Comments (7)
After I pip install ultralytics
, if I allow the training command, I will keep getting stuck in
Transferred 469/475 items from pretrained weights
DDP: debug command /home/qiuzx/miniconda3/envs/yolov8/bin/python -m torch.distributed.run --nproc_per_node 4 --master_port 48025 /home/qiuzx/.config/Ultralytics/DDP/_temp_71rgtm97139853097381840.py
WARNING:__main__:
*****************************************
Setting OMP_NUM_THREADS environment variable for each process to be 1 in default, to avoid your system being overloaded, please further tune the variable for optimal performance in your application as needed.
*****************************************
Ultralytics YOLOv8.2.9 🚀 Python-3.8.13 torch-1.12.1+cu113 CUDA:0 (NVIDIA GeForce RTX 4090, 24217MiB)
CUDA:1 (NVIDIA GeForce RTX 4090, 24217MiB)
CUDA:2 (NVIDIA GeForce RTX 4090, 24217MiB)
CUDA:3 (NVIDIA GeForce RTX 4090, 24217MiB)
WARNING ⚠️ Upgrade to torch>=2.0.0 for deterministic training.
Overriding model.yaml nc=80 with nc=2
Transferred 469/475 items from pretrained weights
Freezing layer 'model.22.dfl.conv.weight'
AMP: running Automatic Mixed Precision (AMP) checks with YOLOv8n...
AMP: checks passed ✅
and not go down. In addition, to make it easier for me to modify the code, I pip uninstall ultralytics
and keep reporting errors during multi GPUs training,
File "/home/qiuzx/. config/Ultralytics/DDP/_temp_18uxnvwv139801431181536. py", line 6, in<module>
From ultralytics. models. yolo. detect. train import DetectionTrainer
ModuleNotFoundError: No module named 'ultralytics'.

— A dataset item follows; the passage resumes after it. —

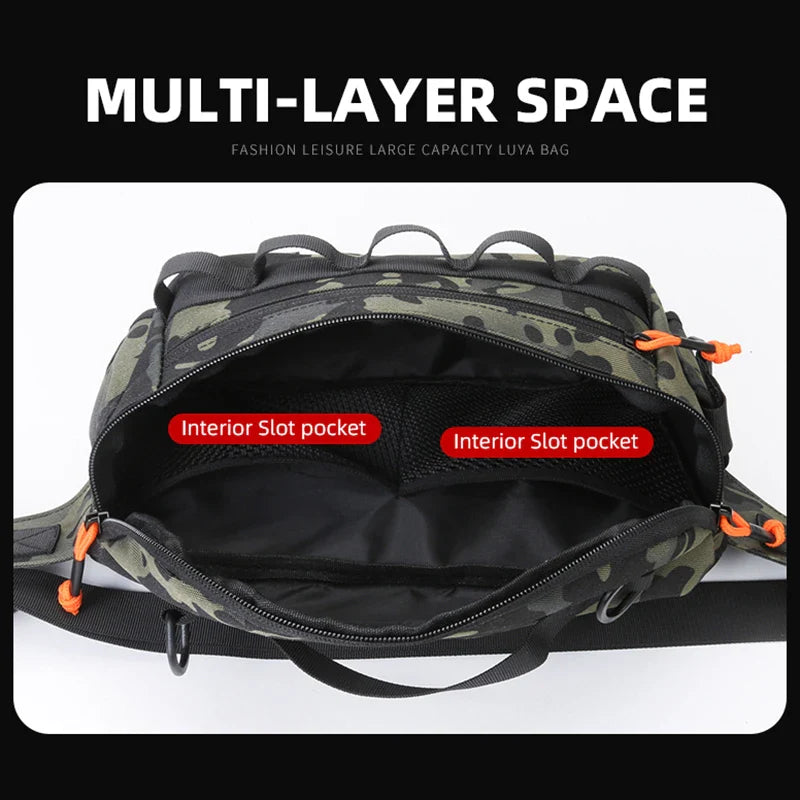 Tactical Waterproof Chest Waist Bag - Fishing & Outdoor Molle Crossbody Pack 30 x 11 x 20 cm (11.8 x 4.3 x 7.9 in)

How to solve these two problems
from ultralytics.
@blue-q hello! It seems like you're encountering two separate issues here.
-
Training Getting Stuck at AMP Checks: If your training consistently stops at the "AMP: checks passed ✅" without proceeding, this could potentially be due to insufficient resources or a configuration oversight. First, ensure that there are no resource limitations or I/O bottlenecks. Also, check if updating to Torch>=2.0.0 as suggested by the warning improves the situation, as newer versions of Torch have better support and optimizations for multi-GPU setups.
-
Errors After Uninstalling Ultralytics Library: When you uninstall the Ultralytics package, Python is unable to find the module because it no longer exists in your environment, leading to a
ModuleNotFoundError
. If you need to make code modifications frequently, consider working in a development environment where you clone the GitHub repository and run your modified code directly from source. This approach avoids the need to uninstall and reinstall the package. You can set up this environment by cloning the repo and usingpip install -e .
within the repository directory.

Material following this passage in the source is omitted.